The desire by the Deep State to steady Uhuru Kenyatta’s succession ship, and guide it through the William Ruto-stirred rough and turbulent political waters by balancing Raila’s political ambitions against Ruto’s hasn’t put wind behind Raila’s sails. But it has assigned to Raila a critical role in Uthamaki’s rebirth project…

It seems the powers that be have turned the evils KADU warned us against into an advantageous political formula. Perhaps the key question one would ask the incumbent and his Western supporters is: Is it ethical to continually stage an electoral coup d’état under the guise of a presidential electoral competition? How many more such coups can Kenya survive?
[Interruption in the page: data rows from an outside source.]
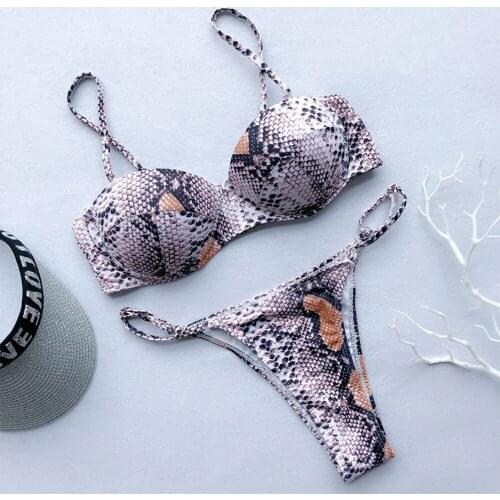 Womens Bikini Snake Print Sexy Swimsuit European And American Fashion Steel Support Hard Bag Split Swimsuit Summer Surf Sport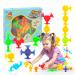AIERRSON Suction Toys Kids Bath Toys 48Pcs Slicone Sucker Toys for Kids Sensory Toys for 3 4 5 6 7 8 9Year Old Boys Girls Toddler Montessori toys Building Toys for Stress Release and Travel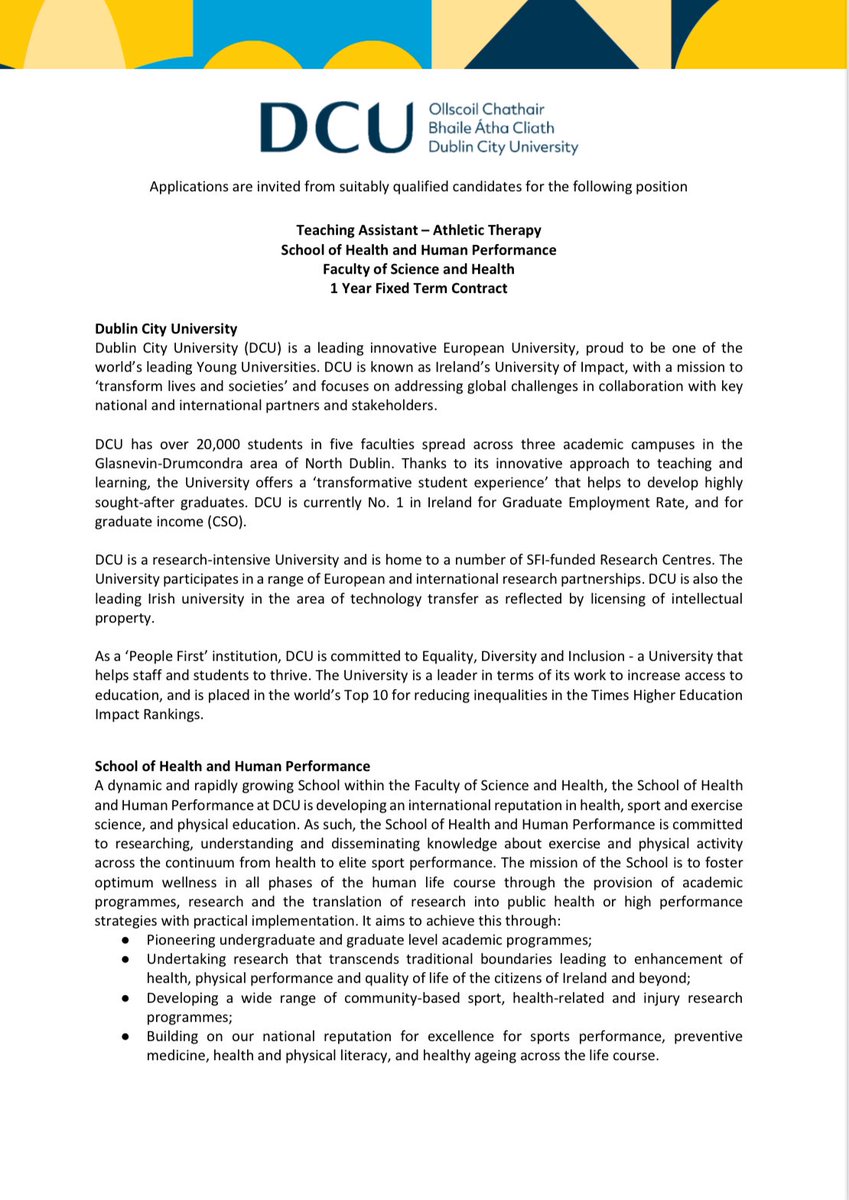 dcu_shhp's tweet image. We are recruiting 2x teaching assistants (1x athletic therapy, 1x sports science).
If you want to join our school and support our teaching, please consider applying:
my.corehr.com/pls/dcurecruit…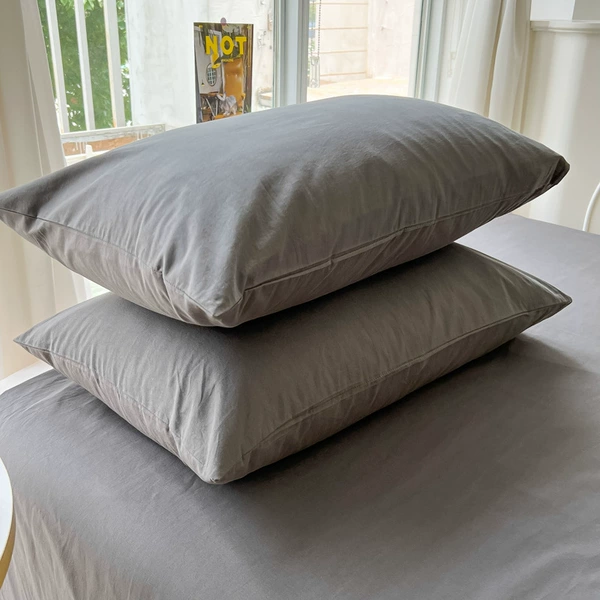 Deep gray-a pair of pillowcases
Kenya’s political problem is not competition as such but rather the lack of ethical competition and the violence it engenders on both sides of any political divide – from the party primaries of various political parties and electoral positions to the presidential election. It’s the current electoral system that lends itself to the electoral coups plots.

Until the Kenyans who benefit from minority rule and electoral coups give up their advantages or those who oppose illegitimate minority rule mount a resistance, BBI-like proposals will always be made. Unfortunately, the deadly recasting of who is the new or not-so-new ethnic enemy or ally of the ethnic-chauvinistic minorities who control state power will not yield democratic ideals. This is the tragedy of “Uhuru”.